Discipline and intensive training are two basic principles required for all sportsmen who want to go far; principles shared by all poker champions. However this isn’t enough to make the card game into a real sport. A debate amongst players over this subject exists. Armando Romano feels that it can’t be considered as a sport ‘as there is no regulating body,’ even if some have already been created and are moving in this direction. The World Poker Association (WPA) campaigns for professionalism in poker. At the moment, three European associations (Germany, Poland and Sweden) have already joined the WPA.

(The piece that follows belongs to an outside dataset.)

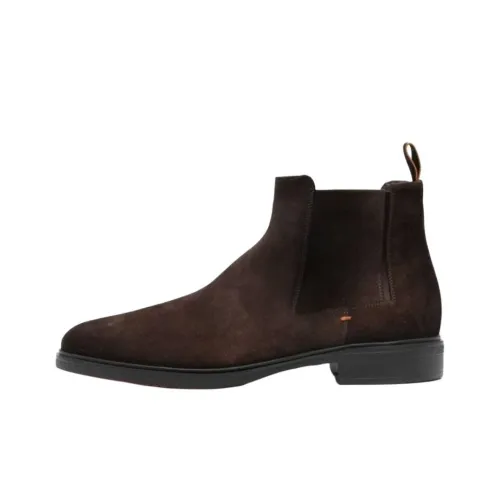 Santoni Ankle Boot Chelsea Мужской Коричневый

Juan Barrachina is the president of the Spanish poker association. He says that the poker tournaments ‘constitute a sport in every sense as every player starts off with the same number of chips at the same time and plays according to the same rules. Patience, technique and strategy make one player better than another, even if he has bad cards.’ Sports journalists Emilio Guerrero maintains that to ‘consider it as a sport, you would have to give it a physical element that it does not possess,’ a point which is supported by Armando Romano: ‘If poker is a sport, then why do I have this stomach?’ he jokes. 

Germany, Poland and Sweden have already joined the World Poker Association

New profession? 

(Image: Wikimedia)Everyone agrees on the same point: despite the role played by fate, you can’t talk about a simple game of chance. ‘You have to play well in order to know all the possibilities of the game and to know how to act at every moment,’ confirms Emilio Guerrero. Juan Carlos Barros, head of pokerpoquer.com, complains that ‘at the moment the game is incorrectly considered to be a game of chance.’ However, this wouldn’t be the case if, as he says, ‘we had a league table of the best players.’

Without a doubt, a bit of luck is required to make it to the final table. On the morning of 9 November, the biggest grand final will take place in Las Vegas: that of the WSOP, where more than nine million dollars is up for grabs. Peter Eastgate from Odense, Denmark, 22, will have to pitch himself against a majority of Americans if he wants to take away the jackpot.